*ABOUT THIS EXERCISE*
For the entries below, the result should be an exact transcription of the lines from the one with "Ocean Treasure Beachside" up to and including the one with "Pleno de victorias", and only those.

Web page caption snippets
Segment Open
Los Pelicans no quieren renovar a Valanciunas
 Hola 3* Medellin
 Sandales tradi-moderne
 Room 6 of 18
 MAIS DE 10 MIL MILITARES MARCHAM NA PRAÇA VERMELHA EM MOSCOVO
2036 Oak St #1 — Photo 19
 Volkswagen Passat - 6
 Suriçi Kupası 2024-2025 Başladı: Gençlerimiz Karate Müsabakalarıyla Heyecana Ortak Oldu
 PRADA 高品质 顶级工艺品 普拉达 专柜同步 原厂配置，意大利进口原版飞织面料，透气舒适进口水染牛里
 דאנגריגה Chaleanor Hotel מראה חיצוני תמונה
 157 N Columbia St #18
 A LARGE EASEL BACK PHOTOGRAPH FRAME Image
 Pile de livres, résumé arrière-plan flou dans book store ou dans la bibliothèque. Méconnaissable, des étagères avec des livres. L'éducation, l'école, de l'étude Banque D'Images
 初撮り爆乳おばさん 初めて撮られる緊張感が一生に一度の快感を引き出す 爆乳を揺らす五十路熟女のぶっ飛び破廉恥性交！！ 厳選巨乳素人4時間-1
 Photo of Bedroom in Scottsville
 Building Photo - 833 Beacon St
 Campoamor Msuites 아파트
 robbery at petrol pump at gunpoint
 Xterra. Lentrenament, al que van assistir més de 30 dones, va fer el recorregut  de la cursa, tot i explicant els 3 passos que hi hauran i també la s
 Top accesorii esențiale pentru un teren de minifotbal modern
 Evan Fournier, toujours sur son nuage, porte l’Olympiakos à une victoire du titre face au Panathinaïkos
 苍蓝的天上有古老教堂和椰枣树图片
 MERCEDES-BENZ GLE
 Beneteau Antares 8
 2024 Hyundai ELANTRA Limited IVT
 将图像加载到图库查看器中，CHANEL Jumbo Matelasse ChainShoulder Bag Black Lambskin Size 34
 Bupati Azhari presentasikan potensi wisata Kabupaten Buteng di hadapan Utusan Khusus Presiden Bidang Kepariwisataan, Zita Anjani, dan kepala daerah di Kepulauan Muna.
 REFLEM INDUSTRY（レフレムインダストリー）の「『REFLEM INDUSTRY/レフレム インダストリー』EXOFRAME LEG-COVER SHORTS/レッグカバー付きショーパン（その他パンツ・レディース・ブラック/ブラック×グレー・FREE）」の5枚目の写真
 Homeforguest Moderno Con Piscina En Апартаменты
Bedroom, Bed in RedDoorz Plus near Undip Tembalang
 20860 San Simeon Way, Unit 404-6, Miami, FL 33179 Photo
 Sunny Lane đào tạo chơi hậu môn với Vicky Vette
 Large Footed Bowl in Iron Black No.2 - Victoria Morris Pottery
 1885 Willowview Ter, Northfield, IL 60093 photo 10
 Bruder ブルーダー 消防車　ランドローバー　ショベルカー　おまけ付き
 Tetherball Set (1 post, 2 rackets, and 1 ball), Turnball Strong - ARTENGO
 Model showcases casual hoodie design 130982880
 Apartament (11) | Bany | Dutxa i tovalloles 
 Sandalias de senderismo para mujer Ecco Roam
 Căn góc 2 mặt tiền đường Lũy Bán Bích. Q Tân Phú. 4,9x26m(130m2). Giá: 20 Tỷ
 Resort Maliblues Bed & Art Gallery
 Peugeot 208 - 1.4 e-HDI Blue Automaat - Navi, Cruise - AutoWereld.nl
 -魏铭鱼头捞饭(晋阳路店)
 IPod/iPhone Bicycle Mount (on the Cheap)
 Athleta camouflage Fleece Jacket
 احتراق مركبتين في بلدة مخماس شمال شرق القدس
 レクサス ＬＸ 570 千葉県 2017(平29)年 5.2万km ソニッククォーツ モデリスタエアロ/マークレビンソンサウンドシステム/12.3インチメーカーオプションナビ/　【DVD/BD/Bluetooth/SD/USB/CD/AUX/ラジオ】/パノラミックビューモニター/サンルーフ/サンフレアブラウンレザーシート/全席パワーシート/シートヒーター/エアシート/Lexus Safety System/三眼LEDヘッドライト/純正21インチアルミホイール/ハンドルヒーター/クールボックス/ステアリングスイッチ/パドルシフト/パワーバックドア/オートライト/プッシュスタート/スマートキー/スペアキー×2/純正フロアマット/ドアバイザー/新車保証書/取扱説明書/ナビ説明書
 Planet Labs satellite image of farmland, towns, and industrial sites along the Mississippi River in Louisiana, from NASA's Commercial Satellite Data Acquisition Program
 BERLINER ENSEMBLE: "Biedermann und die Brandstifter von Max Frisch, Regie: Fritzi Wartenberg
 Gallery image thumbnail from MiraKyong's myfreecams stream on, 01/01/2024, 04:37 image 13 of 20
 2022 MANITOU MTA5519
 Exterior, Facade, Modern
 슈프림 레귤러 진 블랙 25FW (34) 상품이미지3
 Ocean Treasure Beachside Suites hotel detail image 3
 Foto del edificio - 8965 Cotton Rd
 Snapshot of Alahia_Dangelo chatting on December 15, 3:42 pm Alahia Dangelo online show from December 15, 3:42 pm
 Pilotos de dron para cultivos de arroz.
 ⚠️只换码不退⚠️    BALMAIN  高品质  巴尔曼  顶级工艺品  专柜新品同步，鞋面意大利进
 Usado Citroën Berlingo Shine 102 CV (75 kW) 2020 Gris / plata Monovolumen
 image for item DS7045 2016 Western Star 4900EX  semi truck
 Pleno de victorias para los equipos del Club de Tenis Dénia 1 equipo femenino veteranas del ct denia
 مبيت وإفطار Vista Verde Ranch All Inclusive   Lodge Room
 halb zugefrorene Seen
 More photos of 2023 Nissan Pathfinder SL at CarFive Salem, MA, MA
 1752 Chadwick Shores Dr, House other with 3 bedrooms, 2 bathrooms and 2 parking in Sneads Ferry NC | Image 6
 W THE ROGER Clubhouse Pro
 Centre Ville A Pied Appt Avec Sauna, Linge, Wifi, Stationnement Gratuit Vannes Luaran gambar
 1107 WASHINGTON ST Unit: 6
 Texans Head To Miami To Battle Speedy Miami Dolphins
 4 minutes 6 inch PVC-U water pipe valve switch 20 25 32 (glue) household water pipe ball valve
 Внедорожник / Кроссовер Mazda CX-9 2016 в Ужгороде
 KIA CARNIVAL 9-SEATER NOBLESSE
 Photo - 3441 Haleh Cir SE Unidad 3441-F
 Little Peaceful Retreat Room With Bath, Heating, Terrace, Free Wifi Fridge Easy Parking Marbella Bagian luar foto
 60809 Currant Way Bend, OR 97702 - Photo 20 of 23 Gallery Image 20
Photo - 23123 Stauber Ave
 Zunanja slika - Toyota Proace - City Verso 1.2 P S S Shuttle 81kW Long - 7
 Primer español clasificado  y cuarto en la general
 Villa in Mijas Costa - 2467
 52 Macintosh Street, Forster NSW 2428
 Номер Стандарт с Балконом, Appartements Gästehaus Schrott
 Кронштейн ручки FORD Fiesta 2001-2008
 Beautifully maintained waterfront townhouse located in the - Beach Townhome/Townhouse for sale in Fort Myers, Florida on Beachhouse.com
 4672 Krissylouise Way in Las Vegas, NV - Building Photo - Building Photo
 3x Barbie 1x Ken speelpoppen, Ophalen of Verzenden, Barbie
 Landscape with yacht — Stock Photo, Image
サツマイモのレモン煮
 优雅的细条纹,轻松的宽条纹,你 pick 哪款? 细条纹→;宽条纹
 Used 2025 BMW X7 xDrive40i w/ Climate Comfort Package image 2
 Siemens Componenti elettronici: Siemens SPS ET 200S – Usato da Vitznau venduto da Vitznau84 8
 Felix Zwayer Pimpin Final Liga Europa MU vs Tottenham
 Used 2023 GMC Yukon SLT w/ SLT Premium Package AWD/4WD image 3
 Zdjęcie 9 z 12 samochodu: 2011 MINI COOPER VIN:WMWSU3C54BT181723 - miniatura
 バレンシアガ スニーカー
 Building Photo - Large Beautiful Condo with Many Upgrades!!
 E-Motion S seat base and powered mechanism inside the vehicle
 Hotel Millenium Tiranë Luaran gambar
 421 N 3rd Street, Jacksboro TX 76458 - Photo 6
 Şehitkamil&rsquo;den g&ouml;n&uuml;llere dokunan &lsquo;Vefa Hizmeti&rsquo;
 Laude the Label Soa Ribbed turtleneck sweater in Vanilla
Segment Closed
*RESPONSE BOX*
 Ocean Treasure Beachside Suites hotel detail image 3
 Foto del edificio - 8965 Cotton Rd
 Snapshot of Alahia_Dangelo chatting on December 15, 3:42 pm Alahia Dangelo online show from December 15, 3:42 pm
 Pilotos de dron para cultivos de arroz.
 ⚠️只换码不退⚠️    BALMAIN  高品质  巴尔曼  顶级工艺品  专柜新品同步，鞋面意大利进
 Usado Citroën Berlingo Shine 102 CV (75 kW) 2020 Gris / plata Monovolumen
 image for item DS7045 2016 Western Star 4900EX  semi truck
 Pleno de victorias para los equipos del Club de Tenis Dénia 1 equipo femenino veteranas del ct denia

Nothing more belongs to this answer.